Rosi arrived in Lampedusa to make a documentary short about the effect of the migration on island life, but found none—the “border” of Lampedusa had been moved to a manned platform off the coast of the tiny Sicilian isle. “Now that the border is the middle of the sea, rather than the land, more refugees are dying,” Rosi explains, “because they must move from those terrible rafts or rubber boats to the rescue ship in darkness.” The filmmaker shot dozens of arrivals; the first in the documentary is an evening rescue. “The refugees are transferred to the Italian ship,” he says. “Afterward, they are taken to a center by bus, and except for the doctor and the authorities who rescue them, no one ever sees these refugees.” While the documentary shows island life mostly through the eyes of a young boy, Samuele Puccilo, Rosi interviews Doctor Pietro Bartolo, Lampedusa’s sole physician, to recount the island’s historical role in the refugee crisis. He cares for the refugees who survive, and he painstakingly works to identify those who do not.

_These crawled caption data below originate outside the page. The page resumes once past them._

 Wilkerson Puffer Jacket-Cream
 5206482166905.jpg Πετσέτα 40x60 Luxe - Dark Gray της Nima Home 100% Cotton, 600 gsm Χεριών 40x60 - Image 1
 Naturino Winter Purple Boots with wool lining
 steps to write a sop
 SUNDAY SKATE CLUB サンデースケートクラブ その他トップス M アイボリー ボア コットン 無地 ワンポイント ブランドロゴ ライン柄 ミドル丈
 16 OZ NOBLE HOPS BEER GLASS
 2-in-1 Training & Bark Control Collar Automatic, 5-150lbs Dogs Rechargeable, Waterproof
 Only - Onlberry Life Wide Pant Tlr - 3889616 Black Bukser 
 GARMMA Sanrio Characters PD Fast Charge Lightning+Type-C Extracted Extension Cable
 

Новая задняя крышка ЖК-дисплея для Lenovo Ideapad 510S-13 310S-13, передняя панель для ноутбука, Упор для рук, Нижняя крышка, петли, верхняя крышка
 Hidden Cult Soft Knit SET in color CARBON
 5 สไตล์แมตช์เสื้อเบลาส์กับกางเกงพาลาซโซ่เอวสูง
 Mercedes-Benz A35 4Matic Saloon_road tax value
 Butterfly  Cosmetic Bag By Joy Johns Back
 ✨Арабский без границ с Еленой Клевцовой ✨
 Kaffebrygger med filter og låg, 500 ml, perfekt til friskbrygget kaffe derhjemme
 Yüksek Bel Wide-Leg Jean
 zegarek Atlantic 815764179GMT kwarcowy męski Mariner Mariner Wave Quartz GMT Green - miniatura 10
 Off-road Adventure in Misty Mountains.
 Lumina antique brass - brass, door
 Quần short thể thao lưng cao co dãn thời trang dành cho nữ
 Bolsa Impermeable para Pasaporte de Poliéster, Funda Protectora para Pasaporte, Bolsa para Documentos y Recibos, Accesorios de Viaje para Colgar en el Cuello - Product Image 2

Samuele suffers from a “lazy eye,” and from anxiety, conditions the doctor lovingly attends to in a scene in which the boy admits that he is sometimes short of breath. “Samuele’s lazy eye is the world at this moment,” Rosi observes, “although as I say that, I think the world is turning a blind eye to the refugee crisis.” Samuele’s journey through the uncertainties of adolescence includes seasickness, an unfortunate malady in a place where many, including his father, make their living by fishing. Mr. Puccilo urges his son to develop a “strong stomach” by sitting on a floating dock during rough seas. The doctor’s prescriptions are milder. “Dr. Bartolo represents awareness, the conscience of the island,” Rosi says, “although all the islanders feel compassion for the refugees.” Grandma Puccilo calls them “poor souls” when she hears a report on the radio that nearly 50 refugees perished during a rescue operation.
Like all of Rosi’s subjects, “Nonna” is both a palpable presence and an archetypal figure who represents the continuity of life on the island. “You see the interior life of every one of them,” Rosi notes, “and so I think that is why they all appear timeless.” Yesterday evening, Fire at Sea had its first U.S. public screening at the New York Film Festival. “It was important for me to show my documentary here,” the filmmaker says. “I feel that in this city, there is no pretense of integration.” Rosi, who was born in Eritrea, moved frequently as a child. His father’s work led the family to live on several continents. In his early 20s, Rosi came to New York City to attend New York University’s film school. “Here everyone is coming from a different place in the world,” Rosi says. “They live with each other but they keep their roots. That is what I had to do as a boy.”
The filmmaker, who has written and produced other well-regarded documentaries, including El Sicario, Room 164 (2010), about a hit man hired by both the Mexican drug cartels and the Chihuahua State Police, won the Golden Bear at the Berlinale this year for Fire at Sea. Reflecting on his work, he muses that his unusual childhood prepared him for human-rights filmmaking. “Making this documentary, I felt that I was from Lampedusa,” Rosi says. “I did not lose myself, yet I felt the life there.” He thinks that if the world does not resolve its refugee crisis, the European Union will collapse. “Unfortunately, there must be a political solution,” he cautions. “Now it is in the politicians’ hands, which is the reason we are so worried about the outcome of your presidential election.”
The BAMcinématek at the BAM Rose Cinemas in Brooklyn, NY, will present a retrospective of the films of Gianfranco Rosi Oct. 28 through Nov. 3.